A lot of so-called “experts” had egg on their faces that night.
I was a political junkie. It used to be fun. It is not anymore.
I stopped being a political junkie on November 7, 2012 after the crushing defeat of my candidate. It became clear, like an epiphany, that everybody whose opinion I trusted had been wrong. They were all in their own delusional bubbles and while they believed they were proclaiming the truth, it was in realty smoke and mirrors.
I felt utterly duped. I’d been sucker-punched. Nobody on my side saw it coming. I sure didn’t.
The next morning, I started fasting from politics. I don’t normally listen to Christmas music so early in the season but a wonderful channel on Pandora called “Classic Christmas” got me through the next several weeks as I recovered from being a political junkie.
Talk radio is no longer fun. The content is shrill and vitriolic, polluting my mind with negativity. It is not unlike what is going on in Washington with our leaders, made impotent due to their focus on their own position rather than the urgent needs of this country.
My core conservative beliefs have not changed, nor has my desire to stay informed. But I no longer believe in politics.
It all feels like junk. And nothing made that plainer than the last couple of weeks with the election and installation of Pope Francis.
News junkie and Catholic that I am I downloaded the Pope App on my phone so I could stay informed with the news of the conclave. I was able to watch, on my phone, the announcement of Habemus Papum – we have a pope!
When I found out he was from Argentina, I whooped and hollered and pranced around in my basement office. I had dearly hoped for a pope from either South America or Africa where the Church is vibrant with growth. A new face, a new perspective, a breath of fresh air.
I got my wish. And now I can’t get enough of “Papa Francisco.”
Politicians failed to lead through their empty words. Pope Francis succeeds in leading through his example.
Whereas our political leaders blather endlessly, blaming and destroying each other while the serious problems of our country go unaddressed, Pope Francis seeks to uplift all of God’s Creation as the means for creating a better world.
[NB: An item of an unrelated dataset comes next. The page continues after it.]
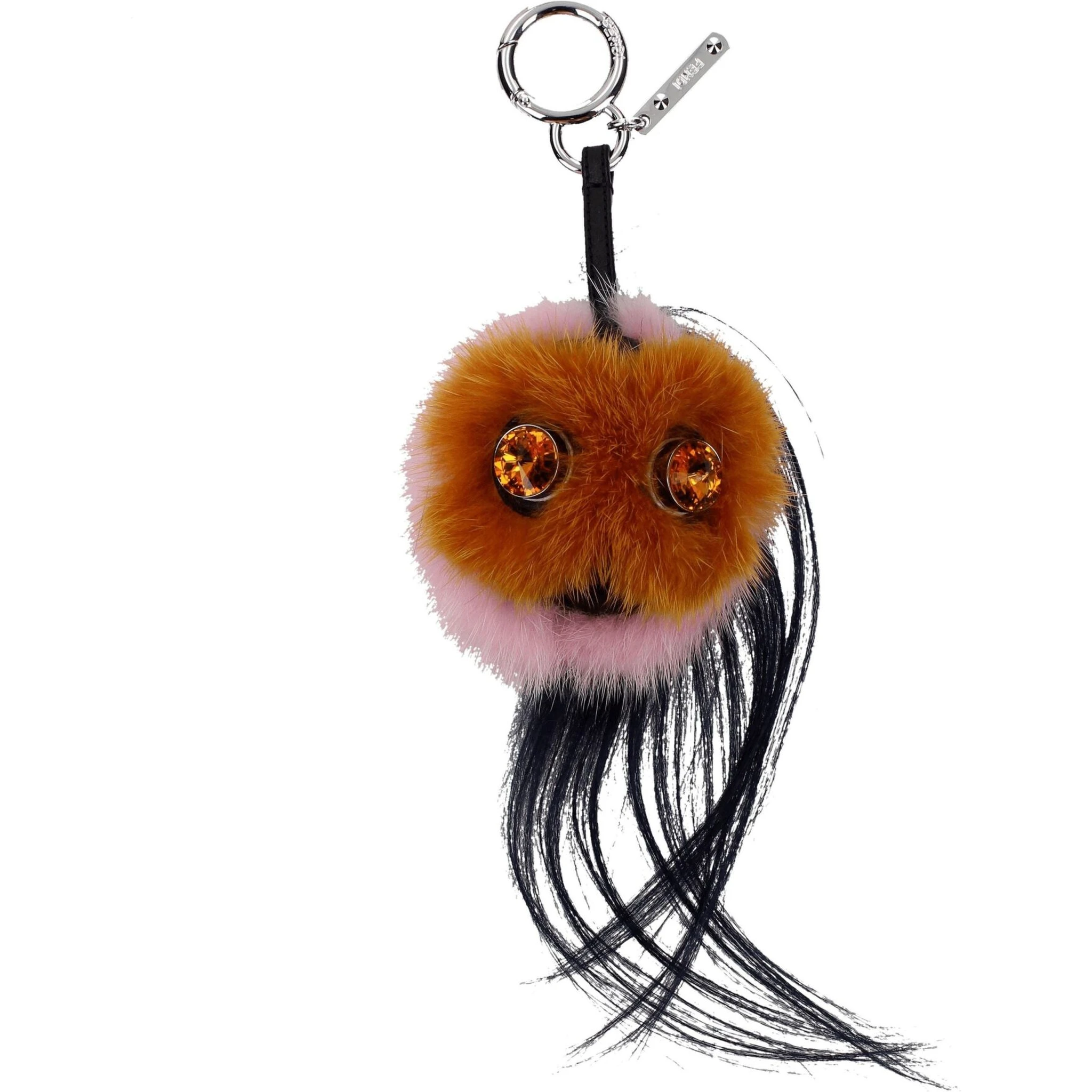 Brown Fur Keychain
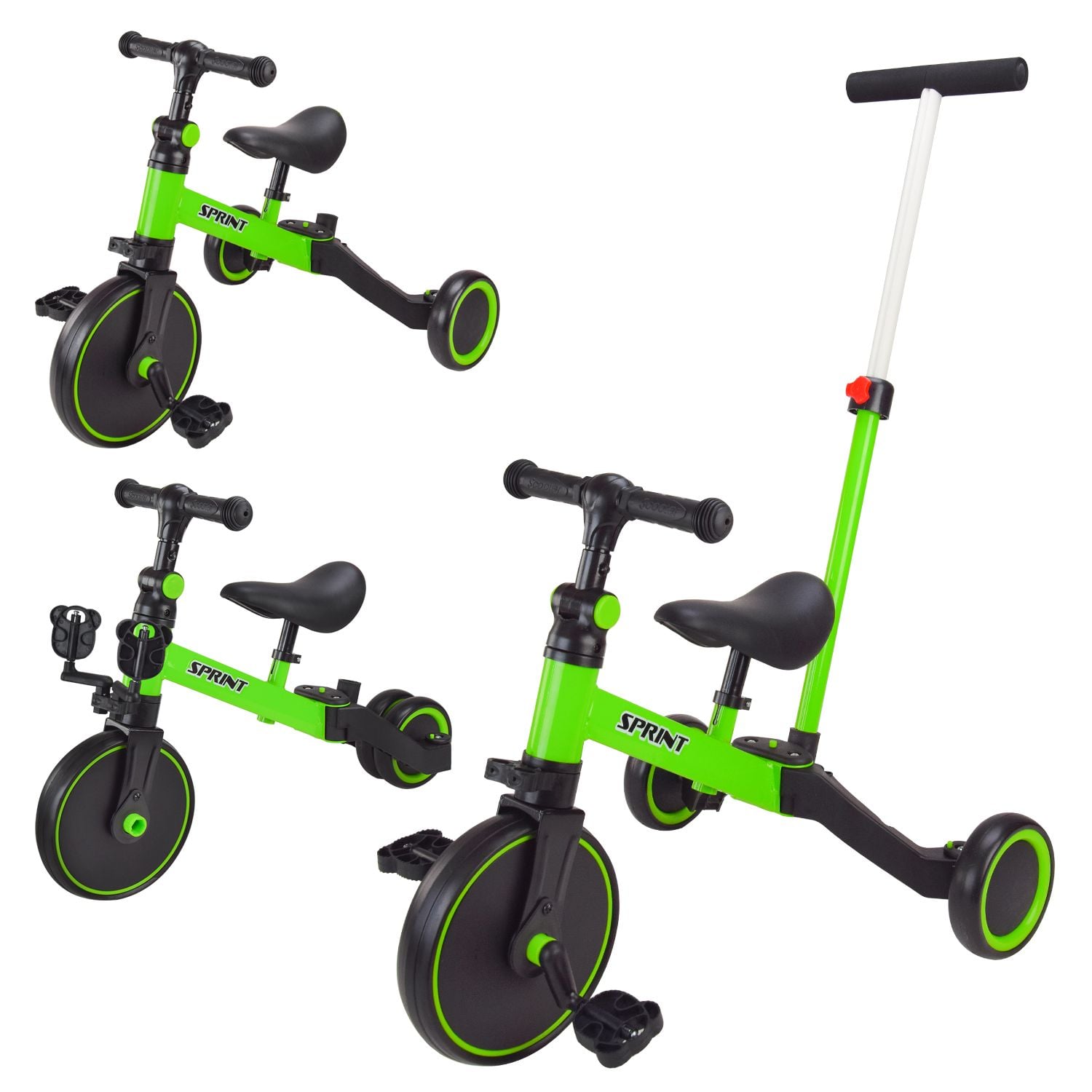 Велосипед 3-х колісний колеса EVA 9,5х5д сататовий TR2453 Китай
Whereas our leaders are motivated by their own quest for power, the pontiff seeks to empower all people, especially the least among us: the poor, the handicapped, the disenfranchised. As one of the most powerful leaders in the world, he is doing his best to take the spotlight off of himself and shine it onto his flock.
The image of him stepping out of the pope mobile during the procession to his inaugural mass to kiss, caress and comfort a severely disabled man is unforgettable. He is a pastor, a shepherd. He seeks sincerely to emulate Jesus.
Holy Week will soon be upon us. Typically the Holy Thursday mass is celebrated in grandeur at either St. Peter’s Basilica or the Basilica of St. John Lateran. During the mass there is the ceremonial foot washing after the reading of John’s Gospel, chapter 13, verses 1-15: Jesus washes the feet of his disciples to demonstrate how they are to serve one another; the participants are priests and prominent lay people.
Pope Francis, in keeping with his own longstanding tradition, has opted to celebrate Holy Thursday mass at the Casal del Marmo prison for minors, a Rome juvenile detention facility where he will wash the feet of some of the young detainees.
Our political leaders, for the most part, appear take advantage of their powerful positions to better their own lives and to advance their celebrity status.
Pope Francis appears to be using his to advance the positions of the forgotten in our society.
No wonder I can’t get enough of “Papa Francisco!” His name, his actions truly spell hope. I pray I am not being led into a new delusional bubble but if the pontiff continues pointing to Christ, I can be free from delusion.
I am a recovering political junkie. My gaze is now turned towards the Vicar of Christ whose example fixes my eyes squarely on Jesus, the true solution to the desperate problems of our world.